Let’s try adding stronger augmentations to the data so during training it varies the input data (types of paintings) more dynamically by altering image attributes such as random rotations, zoom, brightness, contrast, warping, and flipping. This is designed to simulate the natural variability in real-world data. By exposing the model to a wider range of visual variations during training, stronger augmentations help prevent overfitting and make the model more robust to new, unseen images.

This will hopefully lead to an improvement in the model’s ability to generalize.

item_tfms = Resize(224, method='squish')
batch_tfms = aug_transforms(mult=2.0, max_rotate=20, max_lighting=0.4, max_zoom=1.2)

dls = DataBlock(
    blocks=(ImageBlock, CategoryBlock),
    get_items=get_image_files,
    splitter=RandomSplitter(valid_pct=0.2, seed=42),
    get_y=parent_label,
    item_tfms=item_tfms,
    batch_tfms=batch_tfms
).dataloaders(path, bs=32)

While we’re at it we can use a larger Resnet model and seek out an optimial learning rate (we will cover this in more detail in future lessons).

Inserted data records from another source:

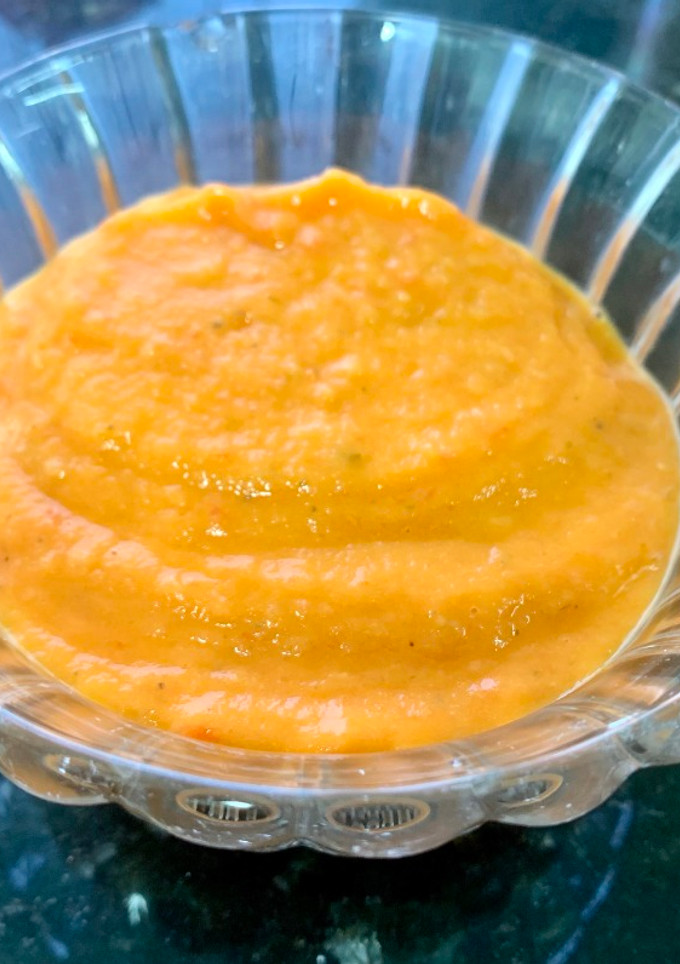 Una foto de Salsa de tomate y calabacín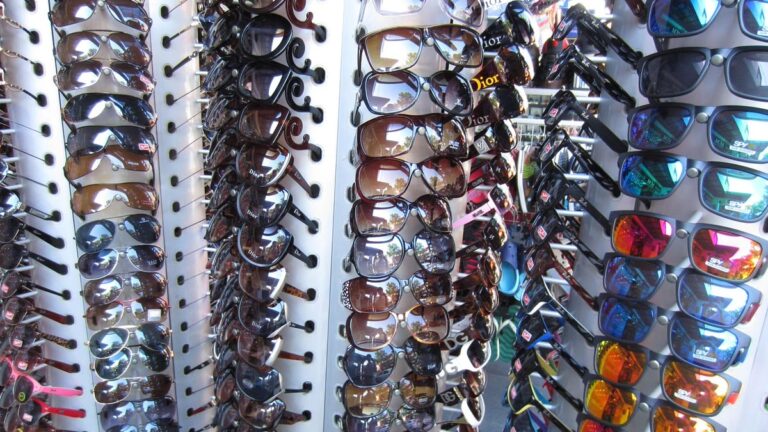 Armazones de gafas exhibidos en una óptica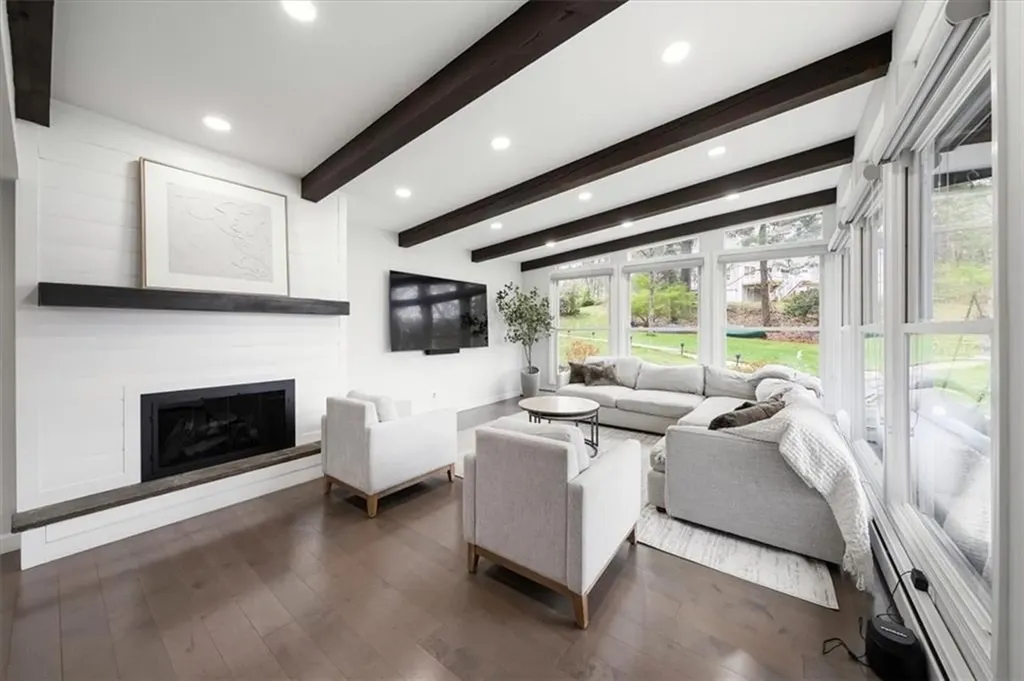 24 Breezy Knoll Road Smithfield RI 02828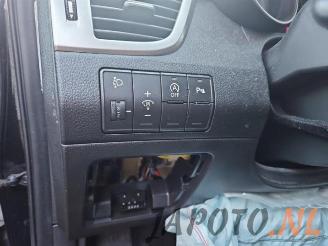 Hyundai I-30 i30 (GDHB5), Hatchback, 2011 1.6 GDI Blue 16V picture 14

learn = vision_learner(dls, resnet50, metrics=error_rate)
learn.lr_find()

SuggestedLRs(valley=0.0012022644514217973)

Using the updated aug_transforms, learning rate, and larger model, let’s see if this makes a difference.

learn.fine_tune(9, base_lr=1e-3)

epoch	train_loss	valid_loss	error_rate	time
0	1.267471	0.366949	0.133333	00:03

epoch	train_loss	valid_loss	error_rate	time
0	0.656466	0.319643	0.114286	00:06
1	0.568277	0.303510	0.133333	00:07
2	0.491390	0.268793	0.085714	00:07
3	0.430013	0.237580	0.066667	00:05
4	0.355102	0.207443	0.057143	00:06
5	0.317612	0.193521	0.057143	00:07
6	0.284293	0.184749	0.057143	00:07
7	0.261323	0.202329	0.047619	00:07
8	0.246992	0.195494	0.047619	00:05

The error rate is at around 5% which is much better than before, and the model seems to be converging rather than bouncing around as before.

Let’s see the results.

learn.show_results()

Even though it is not perfect we can see that most of the predictions are correct! This is impressive as I was not sure that the model would be able to pick up on the difference between painting types given the limited input data and number of epochs.

Jeremy was right! You don’t necessarily need a huge dataset and long training times to get meaningful results.